Project summary

Funding - £200k project via a UKRI call entitled Digital infrastructure: new approaches to skills or software.

Timeline - October 2024 to March 2025

Aim - to achieve a greater level of standardisation of data access APIs across the EDS, with a particular focus on their use in Artificial Intelligence (AI) and machine learning (ML) applications.

Core project team - Patrick Bell (project lead)

About the project

API4AI was funded through a UKRI call entitled Digital infrastructure: new approaches to skills or software. This £200k project was funded via STFC at 80% FEC and ran from October 2024 to March 2025. NOC, EIDC and NGDC were beneficiaries of the funding with CEDA and PDC providing in-kind funding to ensure their domains were considered during the project.

The project aimed to achieve a greater level of standardisation of data access APIs across the EDS, with a particular focus on their use in Artificial Intelligence (AI) and machine learning (ML) applications.
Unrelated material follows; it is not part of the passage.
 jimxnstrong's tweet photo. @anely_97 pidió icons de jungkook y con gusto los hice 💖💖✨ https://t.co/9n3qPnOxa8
Standardising data access APIs will reduce the effort needed by EDS as data publishers and by environmental researchers as data consumers, saving development time and easing data integration processes. This also supports systematic AI analysis of multiple environmental datatypes to underpin development of predictive environmental modelling and digital twins.

A stakeholder engagement workshop was run, as part of the project, to identify use cases where standardised APIs could facilitate AI/ML workflows. Twenty-five use cases were identified, including identifying minerals from core photographs, using historical data to plan future cruise sampling strategy, developing automated methods for detecting landslides, understanding periodicity in environmental sensor networks, updating autonomous vehicles with local data and uncovering cloud covered satellite imagery.
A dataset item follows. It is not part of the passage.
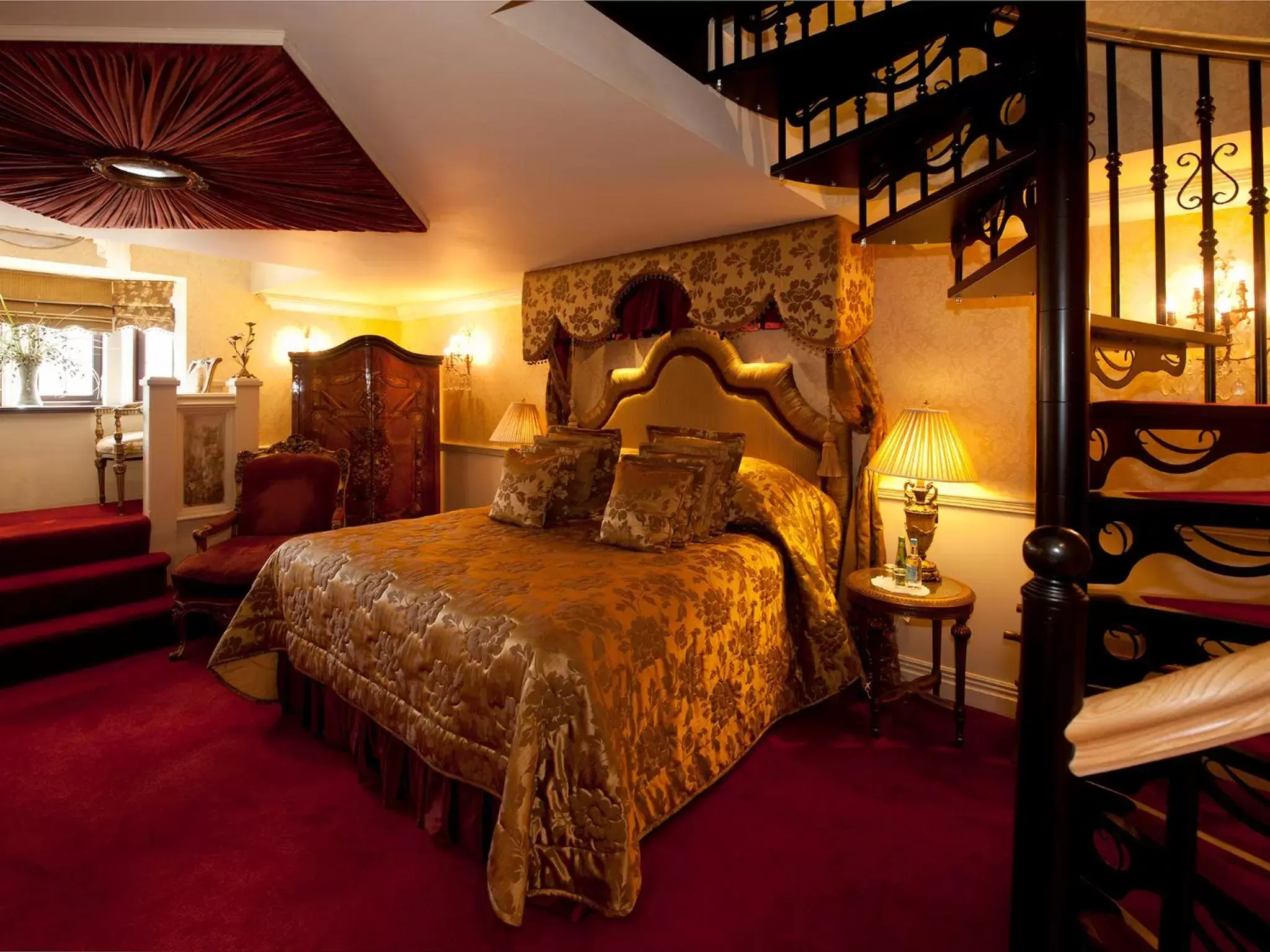 Bed in Coombe Abbey Hotel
Through co-design and Agile development processes, the project identified and recommended the mlcommons Croissant specification as a common standard to help ML consumers interface between data APIs - and bulk download - of any design. APIs and their Croissant descriptors were developed by each contributing data centre. Demonstrator ML workflow notebooks were also created using the Croissant descriptors and data APIs and these were run on different data science platforms to demonstrate portability.

Project reports

Published outputs from API4AI

Workshop report - https://nora.nerc.ac.uk/id/eprint/539107/

Final project report - https://nora.nerc.ac.uk/id/eprint/539708/

Project GitHub repository - https://github.com/nerc-eds/API4AI

Next steps for API4AI

With appropriate funding, we will:

Extend croissant specification for API support including authenticated access
Extend support for large spatial and temporal datasets through a proposed Geo-Croissant extension to the standard.
Investigate automated creation of Croissant metadata from OpenAPI specification descriptions of data access APIs
Investigate and agree a shared approach within EDS for API registration and authentication
Enable semantic interoperability by defining data attributes using linked data definitions, e.g. from the NERC Vocabulary Server
Create API endpoints or data downloads of statistical data describing distribution of labels and attributes used in data to indicate clustering and degree of balance; this is helpful when using data attributes in classification tasks.
Investigate use of Croissant in workflow platforms to record at a granular level how a dataset was created, processed and enriched throughout its lifecycle, enabling the Responsible AI metrics to be shared.